◆ **Data**
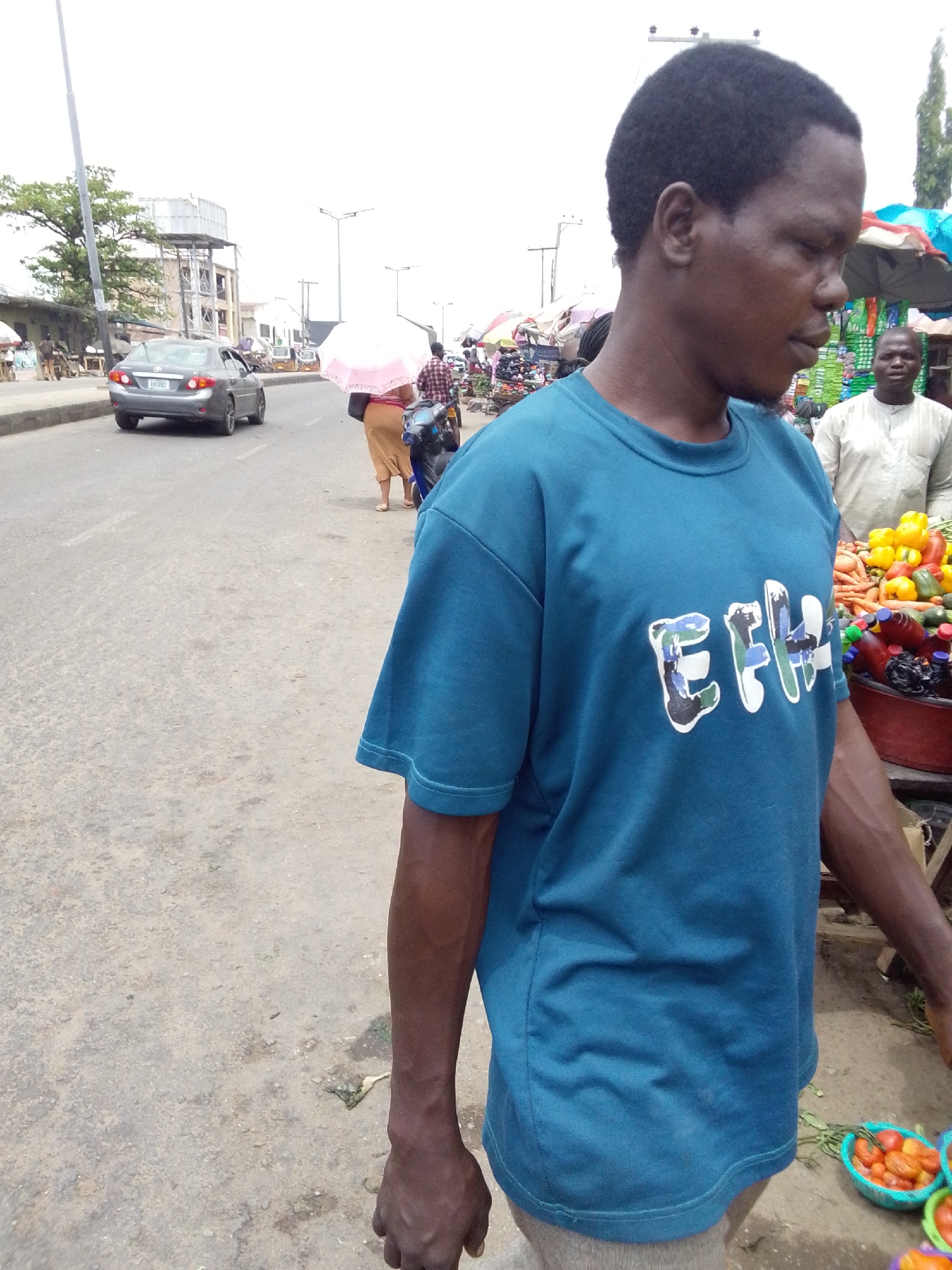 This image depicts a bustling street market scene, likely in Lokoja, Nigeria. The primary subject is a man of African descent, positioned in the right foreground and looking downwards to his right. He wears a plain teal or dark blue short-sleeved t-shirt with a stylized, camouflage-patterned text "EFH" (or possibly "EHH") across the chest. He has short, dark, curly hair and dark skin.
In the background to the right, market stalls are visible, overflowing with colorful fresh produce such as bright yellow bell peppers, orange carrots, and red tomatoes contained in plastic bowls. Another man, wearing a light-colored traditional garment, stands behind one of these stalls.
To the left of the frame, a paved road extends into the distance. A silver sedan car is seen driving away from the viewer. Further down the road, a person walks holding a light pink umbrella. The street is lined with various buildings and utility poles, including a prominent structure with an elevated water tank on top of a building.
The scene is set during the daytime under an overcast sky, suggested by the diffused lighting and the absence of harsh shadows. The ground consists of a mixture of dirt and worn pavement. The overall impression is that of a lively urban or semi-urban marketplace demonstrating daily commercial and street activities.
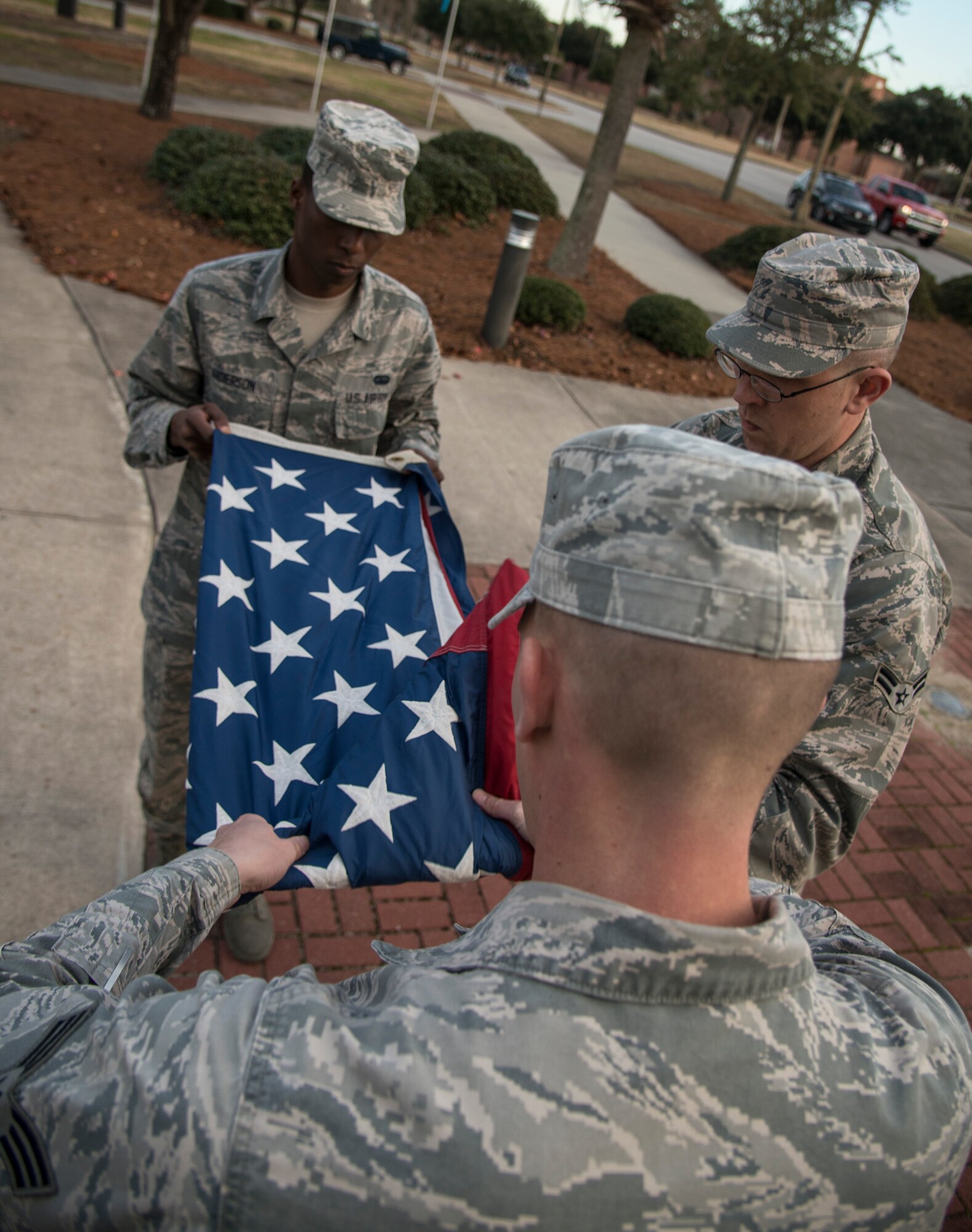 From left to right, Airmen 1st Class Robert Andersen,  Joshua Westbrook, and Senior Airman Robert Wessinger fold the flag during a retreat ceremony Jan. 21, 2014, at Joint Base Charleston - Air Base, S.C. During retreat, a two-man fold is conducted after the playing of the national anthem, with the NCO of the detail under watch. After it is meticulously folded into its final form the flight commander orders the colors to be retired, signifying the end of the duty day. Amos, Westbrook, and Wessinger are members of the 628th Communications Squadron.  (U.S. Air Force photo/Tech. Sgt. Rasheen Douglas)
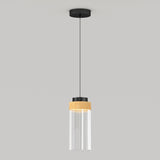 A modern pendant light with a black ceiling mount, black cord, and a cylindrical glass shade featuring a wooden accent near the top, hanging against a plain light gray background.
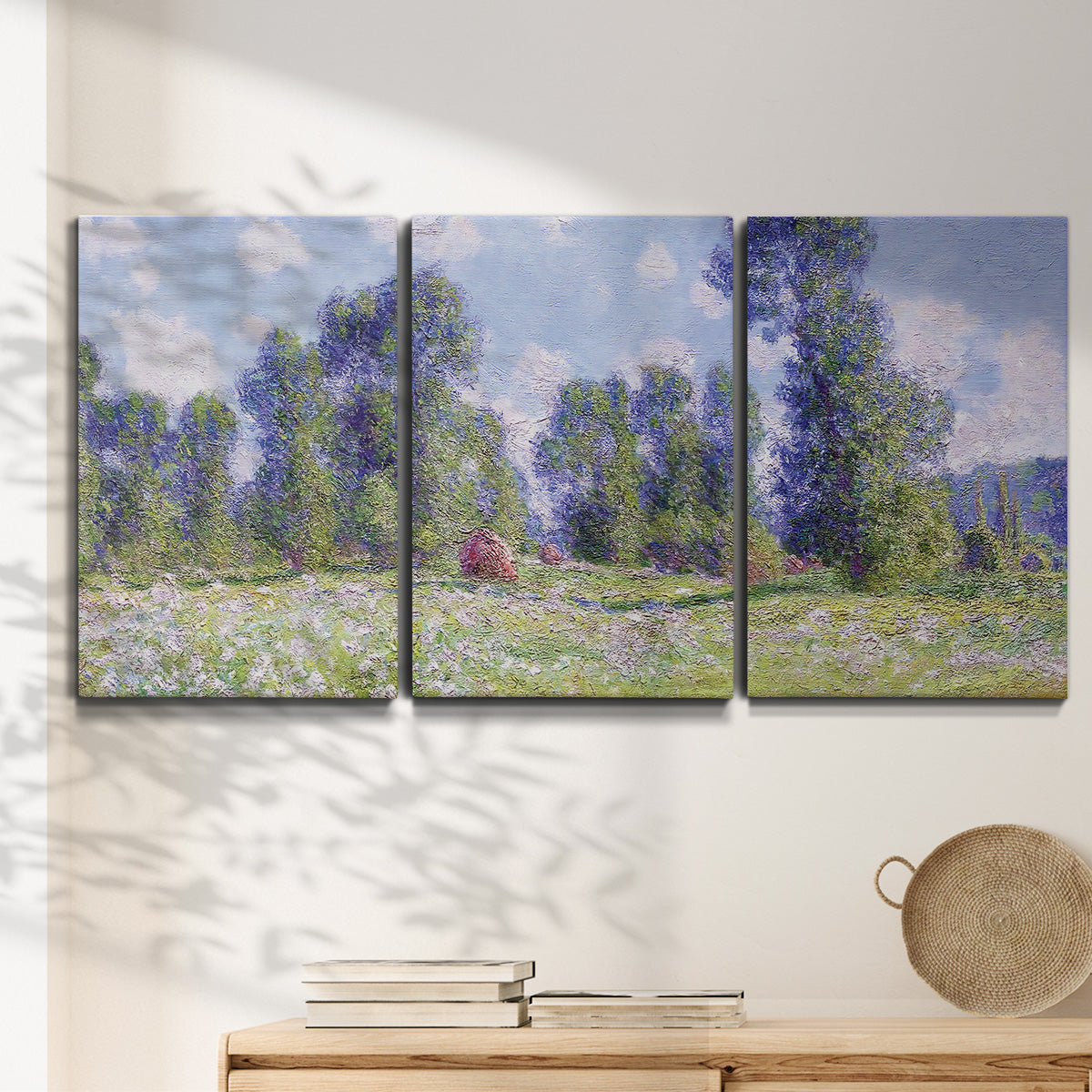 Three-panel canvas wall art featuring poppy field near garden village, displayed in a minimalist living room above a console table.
==
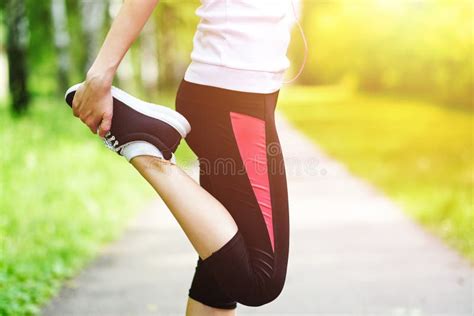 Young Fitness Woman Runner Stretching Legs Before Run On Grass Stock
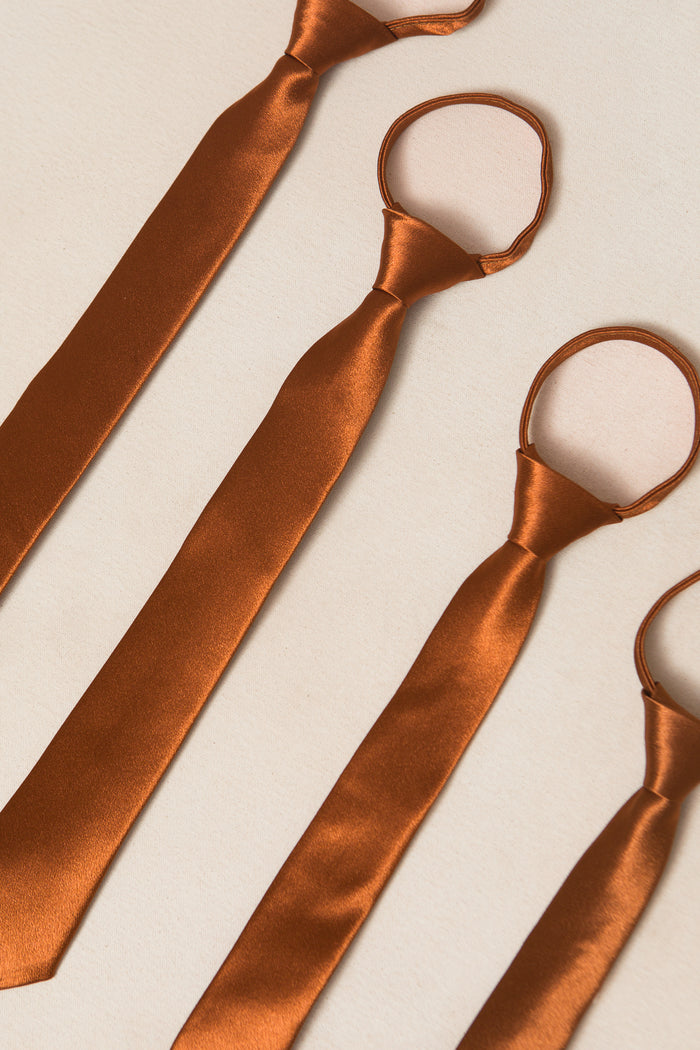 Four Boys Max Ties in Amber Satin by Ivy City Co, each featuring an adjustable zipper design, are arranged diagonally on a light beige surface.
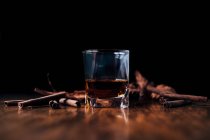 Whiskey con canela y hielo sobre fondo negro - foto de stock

◆ **Exercise requirements**
In the records above, everything from the line with "From left to" down to the line with "A modern pendant" is to be set down exactly, both ends included, with no pictures and no other lines.

◆ **Task solution**
 From left to right, Airmen 1st Class Robert Andersen,  Joshua Westbrook, and Senior Airman Robert Wessinger fold the flag during a retreat ceremony Jan. 21, 2014, at Joint Base Charleston - Air Base, S.C. During retreat, a two-man fold is conducted after the playing of the national anthem, with the NCO of the detail under watch. After it is meticulously folded into its final form the flight commander orders the colors to be retired, signifying the end of the duty day. Amos, Westbrook, and Wessinger are members of the 628th Communications Squadron.  (U.S. Air Force photo/Tech. Sgt. Rasheen Douglas)
 A modern pendant light with a black ceiling mount, black cord, and a cylindrical glass shade featuring a wooden accent near the top, hanging against a plain light gray background.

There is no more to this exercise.